The reference room at the Evanston Public Library.
The Evanston Public Library board reportedly has chosen the number two official of Chicago’s library system as its new director.
The Evanston Review reports that the board will announce at a special meeting Wednesday that Karen Danczak Lyons, acting commissioner of the Chicago Public Library system, has accepted an offer to head the library in Evanston.
Danczak Lyons, 54, was named to the number two position in the Chicago library system in 1993 by then mayor Richard Daley after serving two years as his budget director.

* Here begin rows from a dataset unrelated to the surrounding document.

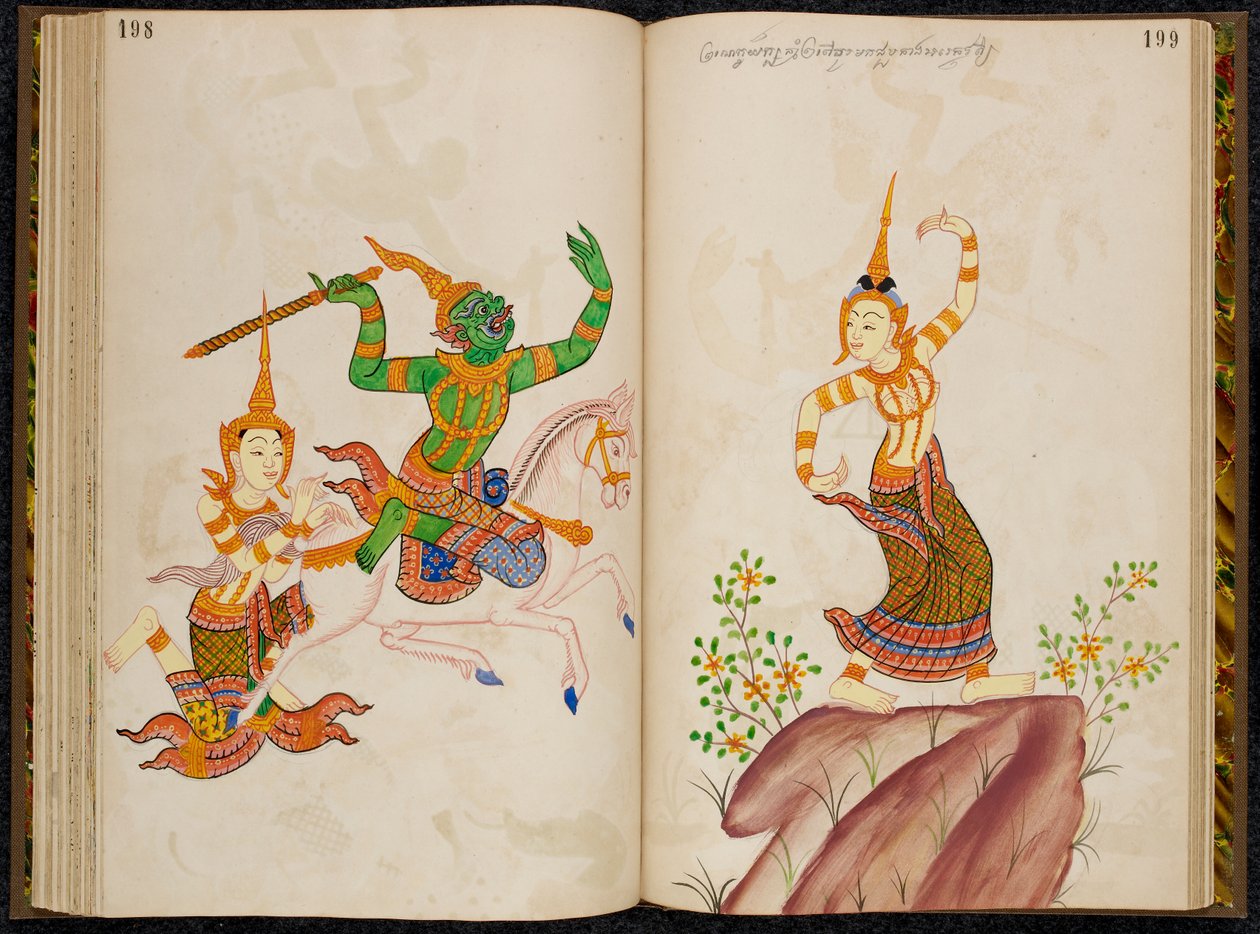 Scena z tajskiej wersji Vidhura-pandita Jataka. autorstwa Thai School
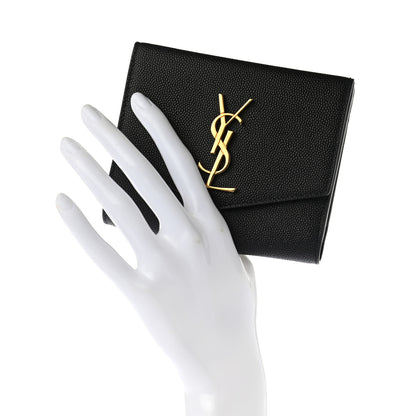 Saint Laurent Grain De Poudre Monogram Bi-Fold Wallet Black 2 of 8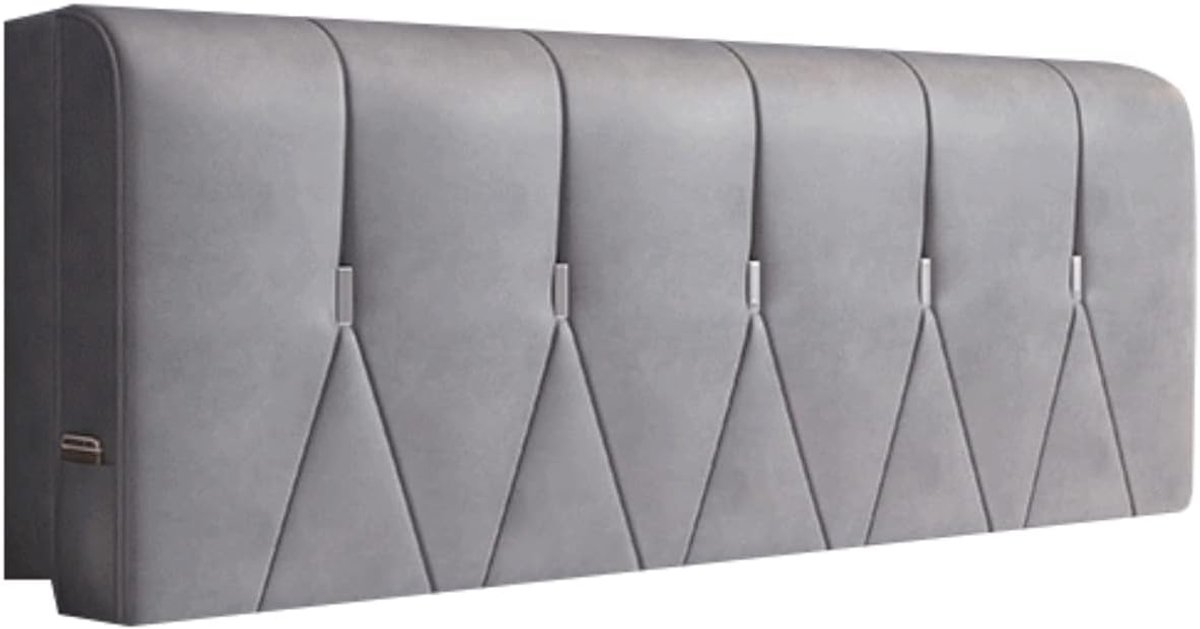 Grote rugleuning, zachte hoes, tweepersoonsbed, bovenrugkussen, tatami-mat, afneembaar en wasbaar, ergonomisch nachtkastje kussen (kleur: lichtgrijs, maat: 200cm/78,7in)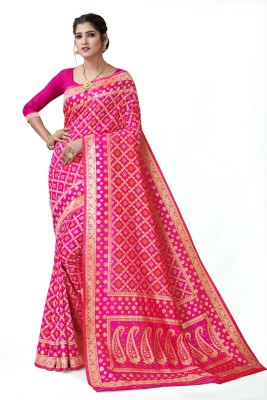 Ratnavali Self Design, Woven Bandhani Pure Silk, Art Silk Saree(Pink)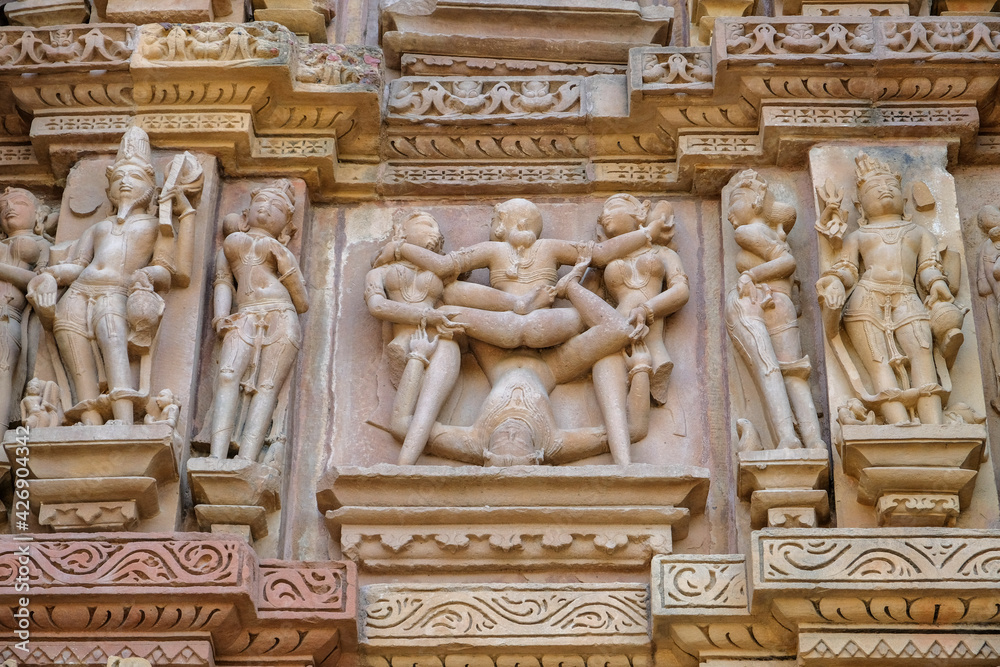 Detail of the Kandariya Mahadev Temple in Khajuraho, Madhya Pradesh, India. Forms part of the Khajuraho Group of Monuments, a UNESCO World Heritage Site.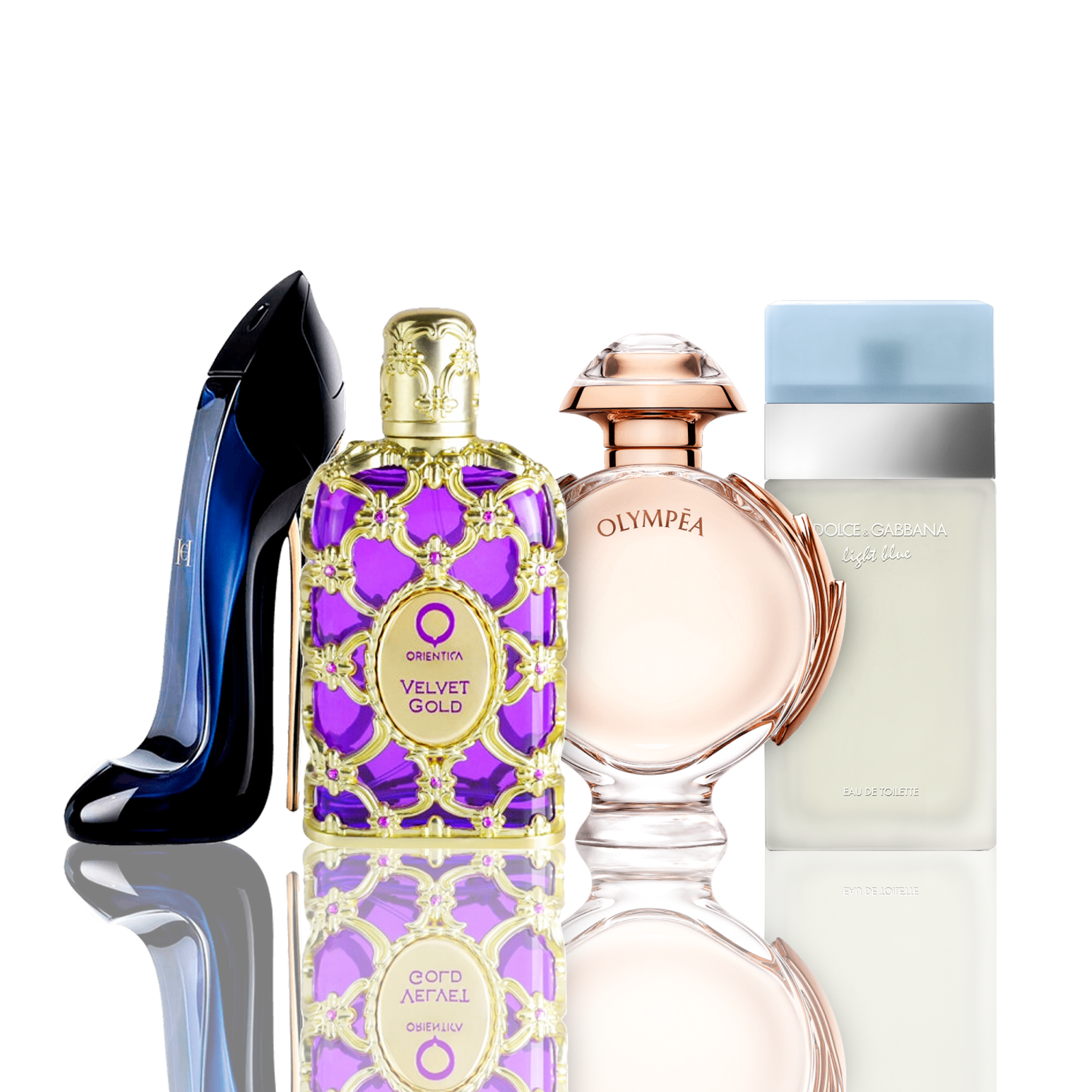 Set de 4 parfumuri | Light Blue + Orientica Velvet Gold + Good Girl + Olympea 100 ml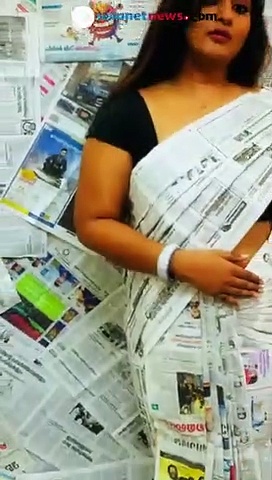 എവിടുന്ന് കിട്ടി ഈ ഐഡിയ? ന്യൂസ്പേപ്പര്‍ സാരി ഗേള്‍ മെറിന്‍ പറയുന്നു...വീഡിയോ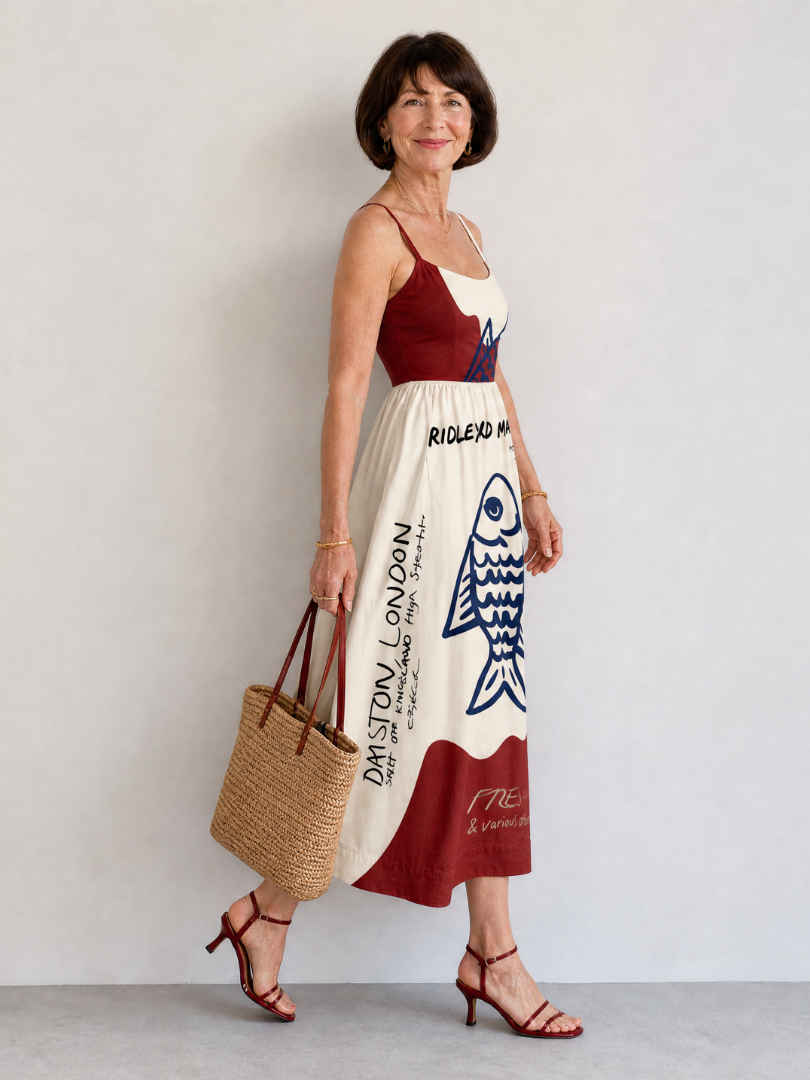 Eiope | Vestido Midi Sin Mangas con Gráfico de Peces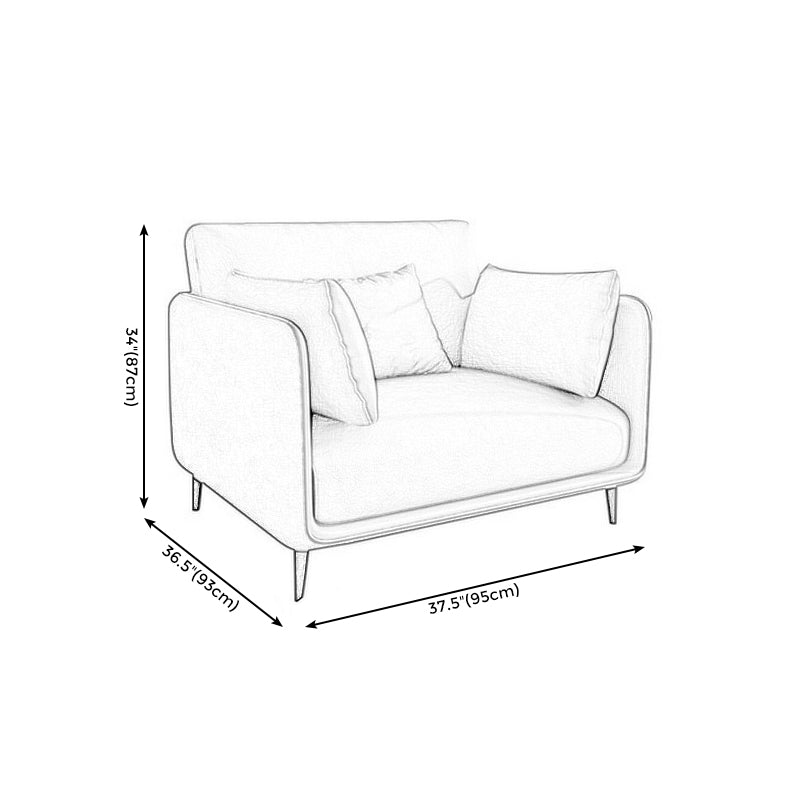 Light-grey Pillowed Back Cushions Contemporary Removable Cushions Sofa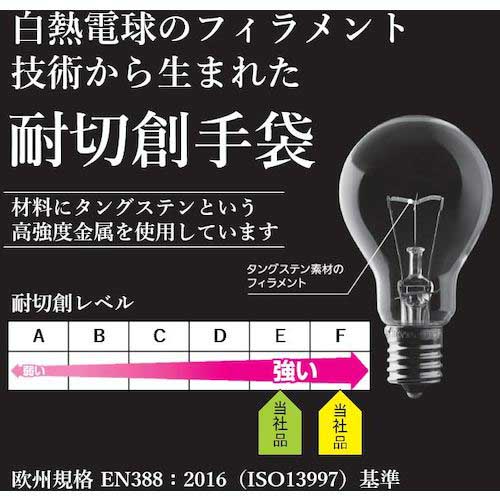 Panasonic 【ストロングンテ】タングステン耐切創手袋(ゴム無) WKTG0XH1AX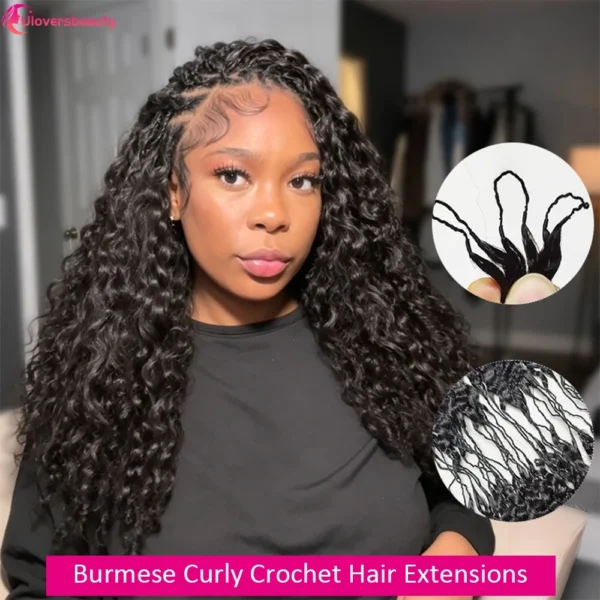 Uloversbeauty Burmese Curly Crochet Human Hair 20 22 Miracle Knots Crochet Human Hair 12A Feather Crochet Braids Hair Extensions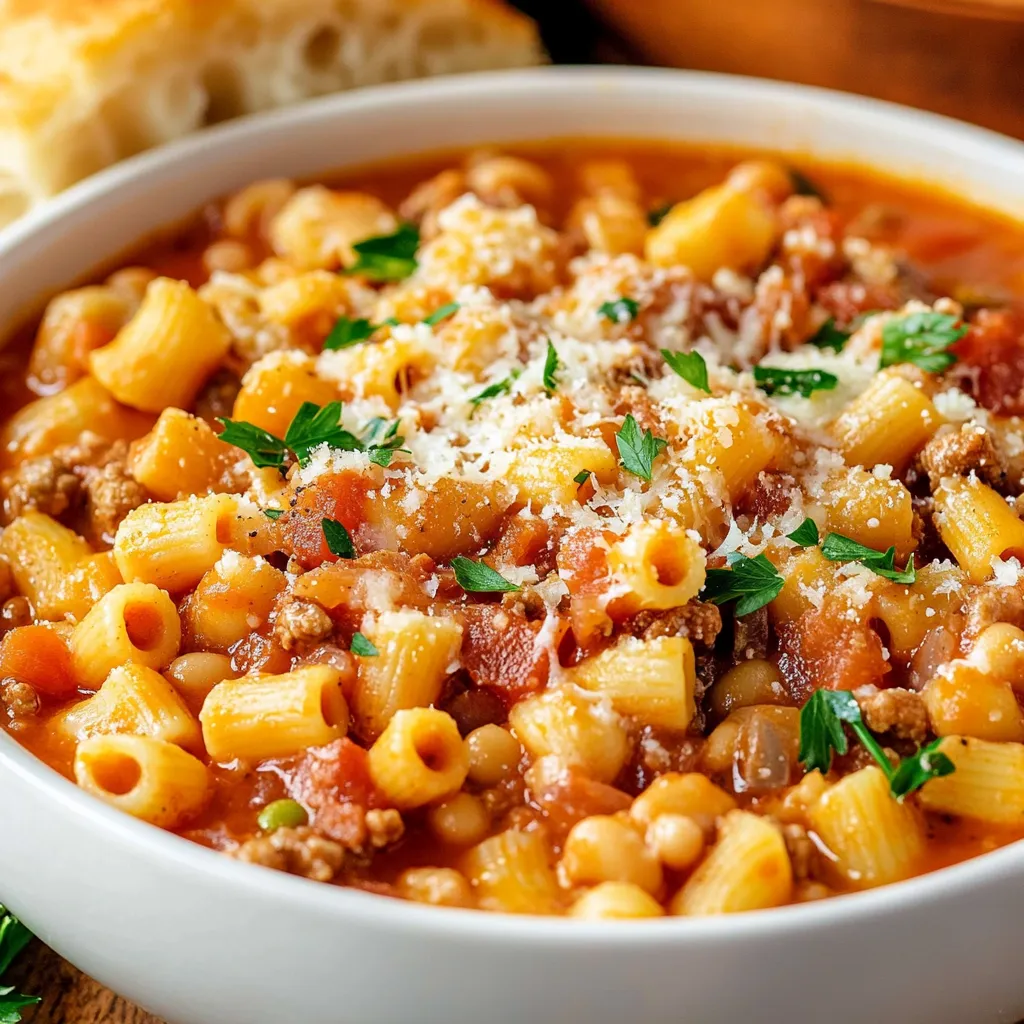 A bowl of Crockpot Pasta Fagioli with ground beef, beans, and pasta in a rich tomato broth, garnished with Parmesan and fresh parsley.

Her appointment to the Evanston position comes just days after the Evanston City Council approved on a 5-4 vote a plan ceding control over the library’s budget to the unelected library board.
Danczak Lyons’ long-time boss, Chicago Library Commissioner Mary Dempsey, was replaced by Chicago’s new mayor, Rahm Emanuel, in January in the midst of unrest over budget cuts in the Chicago system that threatened branch library services.
Dempsey, and Danczak Lyons, had overseen a massive expansion of Chicago’s branch libraries under Mayor Daley.
Instead of choosing Danczak Lyons to replace her, Emanuel named a San Francisco library official, Brian Bannon, to take over the Chicago library system later this month. Bannon has spearheaded online initiatives and other computer-based learning programs in San Francisco.
The recent turmoil in Evanston’s library system has largely centered around budget cuts that led the library board to close the south branch library and have threatened the future of the north branch.